I put my bags in the conference room and ask Kim, our conference organizer, what we should do. She suggests staying together in the hotel and that they’re trying to get a TV. I’m thinking why would we get a TV when this is happening right outside our hotel. I bump into Chris who says a plane crashed into the Pentagon. I challenge him and say something like it’s not a time to be joking but when I look into his eyes, I see he’s petrified and shaking. It’s at this point I realize this is serious and we could be in trouble. I see Scott and ask him what he’s going to do. I tell him I’m heading back outside, and he tells me to wait up. I somehow feel safer seeing what’s happening rather than mingling with people speculating on what’s happening. Besides, I’m feeling claustrophobic. I see Ian and tell him we should go outside and monitor the situation. He’s hesitant, mentioning something about sticking with the group and waiting for instructions. I take a quick pass of the room looking for Scott, then take a long look at my two bags and grab just one – my laptop – and Ian and I walk down the stairs to the first-floor lobby and through the big glass front doors to the street.
The air feels different this time in front of the hotel. There’s an electricity that’s hard to describe, but similar to Dorothy trying to get back to her farm house before the tornado hits at the beginning of “The Wizard of Oz.” Even though the sky is bright blue, there’s a murky darkness in the air, and I sense an overwhelming feeling of danger. Two policemen in yellow jackets are standing in the street, forcibly instructing people to walk north, away from the hotel. Ian tells me we should turn around and go back into the hotel to get the others. I agree, because I knew Scott wanted to stick with us. We turn to walk back into the hotel, but one of the policemen very loudly tells us no one is allowed back into the hotel and that we should head north, away from the building. We tell him our group is back in there and he doesn’t care, making it clear that his orders are for us to move away from the hotel. Ian and I start walking. I apologize to Ian because I knew he wanted to stay with the group and now we are on our own, heading who knows where for how long.
Just 100 or so feet in front of the hotel, the policemen start making frantic movements and are clearly panicking. I hear a loud roar, with the sound of rat-a-tat clapping that sounds like bombs exploding. I turn around to see a wall of gray smoke coming toward us, like sickening black and gray gigantic tumbleweeds rolling through the street behind us. The noise is deafening and one of the policemen yells “there are more planes coming!”
Ian and I both think we’re being bombed and grab each other for safety and run zigzag across a small open field down to the Hudson River. Images of those civilians running during the Vietnam War flash through my mind and I worry that at any instant we could be gunned down for running. We look up and see a fighter jet coming in low across the sky, right toward us and I’m ready to jump into the river. Someone yells that the plane is “one of our own” and there are a few seconds of relief.
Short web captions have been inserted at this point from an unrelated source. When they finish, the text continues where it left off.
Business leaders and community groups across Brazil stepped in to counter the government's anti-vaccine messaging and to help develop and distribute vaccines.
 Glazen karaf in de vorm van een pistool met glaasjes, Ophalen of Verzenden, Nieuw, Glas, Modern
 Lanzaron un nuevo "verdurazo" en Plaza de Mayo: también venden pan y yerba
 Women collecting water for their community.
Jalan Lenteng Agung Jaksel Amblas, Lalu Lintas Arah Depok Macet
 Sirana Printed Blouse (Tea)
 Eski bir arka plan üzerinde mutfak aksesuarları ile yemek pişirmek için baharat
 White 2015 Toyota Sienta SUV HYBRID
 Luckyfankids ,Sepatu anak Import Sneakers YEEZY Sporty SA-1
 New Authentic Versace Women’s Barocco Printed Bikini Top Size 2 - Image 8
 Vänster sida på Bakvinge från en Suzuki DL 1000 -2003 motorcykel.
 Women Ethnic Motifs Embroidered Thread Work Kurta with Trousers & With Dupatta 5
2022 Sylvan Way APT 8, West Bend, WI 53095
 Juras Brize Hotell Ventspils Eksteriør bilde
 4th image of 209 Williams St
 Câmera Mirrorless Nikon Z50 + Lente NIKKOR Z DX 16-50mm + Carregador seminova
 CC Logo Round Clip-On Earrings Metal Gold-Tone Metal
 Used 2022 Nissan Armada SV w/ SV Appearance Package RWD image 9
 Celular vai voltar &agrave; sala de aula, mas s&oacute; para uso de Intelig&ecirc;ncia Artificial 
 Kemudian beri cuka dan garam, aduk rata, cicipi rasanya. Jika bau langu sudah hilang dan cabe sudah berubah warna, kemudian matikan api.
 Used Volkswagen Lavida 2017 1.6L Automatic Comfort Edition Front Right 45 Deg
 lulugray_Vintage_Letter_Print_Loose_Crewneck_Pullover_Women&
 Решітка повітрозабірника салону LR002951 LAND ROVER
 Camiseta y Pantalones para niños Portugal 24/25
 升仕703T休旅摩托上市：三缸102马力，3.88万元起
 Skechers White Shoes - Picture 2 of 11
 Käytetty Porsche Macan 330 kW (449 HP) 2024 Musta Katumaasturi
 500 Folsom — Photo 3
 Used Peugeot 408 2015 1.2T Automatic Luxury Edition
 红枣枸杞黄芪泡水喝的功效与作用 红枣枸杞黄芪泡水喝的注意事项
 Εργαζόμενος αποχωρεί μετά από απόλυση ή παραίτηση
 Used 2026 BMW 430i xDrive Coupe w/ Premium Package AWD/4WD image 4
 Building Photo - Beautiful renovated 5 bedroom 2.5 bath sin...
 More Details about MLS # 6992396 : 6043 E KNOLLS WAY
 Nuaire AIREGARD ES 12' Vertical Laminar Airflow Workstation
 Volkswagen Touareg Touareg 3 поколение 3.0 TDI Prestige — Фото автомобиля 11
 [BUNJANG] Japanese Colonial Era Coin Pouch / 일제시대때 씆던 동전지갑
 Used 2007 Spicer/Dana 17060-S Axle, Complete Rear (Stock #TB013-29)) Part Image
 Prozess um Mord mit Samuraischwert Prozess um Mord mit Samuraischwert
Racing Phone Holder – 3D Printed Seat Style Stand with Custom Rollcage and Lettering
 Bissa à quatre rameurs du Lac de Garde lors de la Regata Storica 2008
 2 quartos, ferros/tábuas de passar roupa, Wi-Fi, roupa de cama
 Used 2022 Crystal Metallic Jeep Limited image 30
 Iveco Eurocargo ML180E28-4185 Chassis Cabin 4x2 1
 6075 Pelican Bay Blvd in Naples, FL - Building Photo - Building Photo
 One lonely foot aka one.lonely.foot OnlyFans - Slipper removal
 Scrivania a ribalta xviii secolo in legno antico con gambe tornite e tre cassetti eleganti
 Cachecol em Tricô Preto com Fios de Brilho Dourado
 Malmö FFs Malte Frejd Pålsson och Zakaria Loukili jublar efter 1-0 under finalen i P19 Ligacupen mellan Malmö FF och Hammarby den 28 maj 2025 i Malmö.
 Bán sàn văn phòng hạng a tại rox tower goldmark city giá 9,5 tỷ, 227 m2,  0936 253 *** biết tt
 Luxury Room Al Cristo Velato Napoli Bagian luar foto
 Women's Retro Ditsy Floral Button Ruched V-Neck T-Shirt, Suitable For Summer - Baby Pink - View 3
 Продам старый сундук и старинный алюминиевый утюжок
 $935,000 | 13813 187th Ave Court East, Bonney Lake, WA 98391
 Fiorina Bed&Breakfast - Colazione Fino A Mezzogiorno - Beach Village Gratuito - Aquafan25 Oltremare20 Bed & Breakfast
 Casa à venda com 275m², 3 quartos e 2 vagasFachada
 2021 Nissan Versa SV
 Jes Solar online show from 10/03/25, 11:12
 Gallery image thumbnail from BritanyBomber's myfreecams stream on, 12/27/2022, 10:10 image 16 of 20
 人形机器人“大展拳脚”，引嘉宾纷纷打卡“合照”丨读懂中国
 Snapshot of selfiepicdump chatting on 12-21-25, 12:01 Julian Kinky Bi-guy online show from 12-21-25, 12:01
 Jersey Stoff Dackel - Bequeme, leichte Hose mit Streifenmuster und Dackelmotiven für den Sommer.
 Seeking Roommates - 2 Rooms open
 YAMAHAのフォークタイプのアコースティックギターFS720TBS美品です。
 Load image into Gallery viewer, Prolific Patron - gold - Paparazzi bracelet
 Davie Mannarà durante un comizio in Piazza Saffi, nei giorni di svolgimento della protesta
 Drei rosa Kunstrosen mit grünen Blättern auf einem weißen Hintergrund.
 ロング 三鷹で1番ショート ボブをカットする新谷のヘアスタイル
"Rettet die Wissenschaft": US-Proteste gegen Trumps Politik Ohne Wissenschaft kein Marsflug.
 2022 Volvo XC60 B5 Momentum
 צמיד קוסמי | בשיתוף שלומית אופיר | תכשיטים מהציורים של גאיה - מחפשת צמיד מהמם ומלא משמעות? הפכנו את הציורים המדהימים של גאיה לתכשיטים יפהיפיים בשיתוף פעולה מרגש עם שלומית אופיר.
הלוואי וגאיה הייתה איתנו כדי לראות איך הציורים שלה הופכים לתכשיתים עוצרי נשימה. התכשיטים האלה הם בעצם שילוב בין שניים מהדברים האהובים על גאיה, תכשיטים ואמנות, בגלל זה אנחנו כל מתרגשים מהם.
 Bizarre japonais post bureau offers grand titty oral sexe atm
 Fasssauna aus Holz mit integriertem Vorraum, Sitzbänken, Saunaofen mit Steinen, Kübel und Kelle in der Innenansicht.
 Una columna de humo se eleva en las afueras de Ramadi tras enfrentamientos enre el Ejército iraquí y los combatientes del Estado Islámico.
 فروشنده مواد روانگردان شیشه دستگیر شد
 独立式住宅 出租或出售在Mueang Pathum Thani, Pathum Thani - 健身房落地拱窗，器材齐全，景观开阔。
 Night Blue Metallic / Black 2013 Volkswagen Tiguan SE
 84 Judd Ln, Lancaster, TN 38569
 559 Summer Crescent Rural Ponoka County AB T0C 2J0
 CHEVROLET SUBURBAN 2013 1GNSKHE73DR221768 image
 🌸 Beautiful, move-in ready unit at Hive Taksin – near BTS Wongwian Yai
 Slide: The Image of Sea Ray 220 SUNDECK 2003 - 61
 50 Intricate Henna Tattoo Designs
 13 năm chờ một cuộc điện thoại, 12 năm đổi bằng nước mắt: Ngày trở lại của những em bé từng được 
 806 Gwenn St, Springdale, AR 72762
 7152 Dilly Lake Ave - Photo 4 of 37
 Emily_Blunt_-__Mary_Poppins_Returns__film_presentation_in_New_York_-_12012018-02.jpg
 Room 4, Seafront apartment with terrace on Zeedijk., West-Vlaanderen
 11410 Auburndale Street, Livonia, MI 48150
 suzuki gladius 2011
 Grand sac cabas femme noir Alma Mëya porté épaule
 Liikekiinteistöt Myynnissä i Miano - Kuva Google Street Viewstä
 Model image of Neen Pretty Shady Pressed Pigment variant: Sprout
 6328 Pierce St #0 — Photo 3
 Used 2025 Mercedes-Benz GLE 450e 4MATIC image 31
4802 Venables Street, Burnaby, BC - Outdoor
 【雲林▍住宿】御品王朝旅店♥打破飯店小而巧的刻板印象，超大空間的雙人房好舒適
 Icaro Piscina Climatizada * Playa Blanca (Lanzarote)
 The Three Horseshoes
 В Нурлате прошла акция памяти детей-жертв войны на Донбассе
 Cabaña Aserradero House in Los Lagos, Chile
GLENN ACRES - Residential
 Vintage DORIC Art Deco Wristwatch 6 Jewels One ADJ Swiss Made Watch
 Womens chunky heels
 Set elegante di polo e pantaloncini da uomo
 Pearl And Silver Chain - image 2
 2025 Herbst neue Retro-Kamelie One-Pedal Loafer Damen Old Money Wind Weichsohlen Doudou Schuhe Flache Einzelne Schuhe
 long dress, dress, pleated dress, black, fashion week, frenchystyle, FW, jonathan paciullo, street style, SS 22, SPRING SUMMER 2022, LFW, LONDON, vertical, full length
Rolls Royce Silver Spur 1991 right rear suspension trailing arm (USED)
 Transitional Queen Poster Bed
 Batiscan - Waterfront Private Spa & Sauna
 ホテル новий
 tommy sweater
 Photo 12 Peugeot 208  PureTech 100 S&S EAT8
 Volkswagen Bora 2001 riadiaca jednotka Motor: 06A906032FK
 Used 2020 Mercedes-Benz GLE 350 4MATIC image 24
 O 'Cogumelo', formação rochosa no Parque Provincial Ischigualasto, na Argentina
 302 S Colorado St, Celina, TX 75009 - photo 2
I feel like we’re running through landmines, fully anticipating bombs to start hitting the ground around us. I survey the water and see wooden pilons close to the shore, but far enough out that we could cling to these for safety if we had to jump into the water. Ian and I make a pact that if we see planes coming toward us or a ground army approaching us that we would get in the water and huddle on one of the pilons. At the time, we have no idea that the South Tower had just collapsed. I’m as scared as I’ve ever been, and actually think I could die on this beautiful summer September morning.
The air is terrifying and I hear piercing screams coming from behind us. I’m watching the skyscrapers along West Street, anticipating the next plane or bomb ripping through the skyline.
Ian and I stop running and turn back to look toward the towers and all we can see is a large plume of thick gray smoke covering the tracks we’ve just walked. We see more people scrambling toward us and recognize Scott and Andriana. They both have their luggage and Scott’s hair and shirt are chalk white from the falling debris. The four of us are in a mild state of shock, but common sense and adrenalin push us to keep walking north along the river.
We move silently, and I feel like a refugee driven from a war-ravaged home. Scott says “It’s Bin Laden, and this is war.” I have trouble digesting those words, but for the first time realize this is more than a terrorist attack. We’re escaping from an unprecedented dark day in American history. Ian and I are walking together, Scott and Andriana close behind us, Andriana struggling with her luggage. The sun is baking on my face and arms, and I wish I were wearing shorts. Each of us breaks the silence by asking “are you OK?” as we keep trudging forward, unsuccessfully trying to get through to our spouses on our cell phones.
A steady stream of sirens pierce the air and the noise is sickening, constant and in your face. It sounds like all of Lower Manhattan has lost power and alarm clocks, fire alarms and other electronic devices are droning on, waiting to be reset.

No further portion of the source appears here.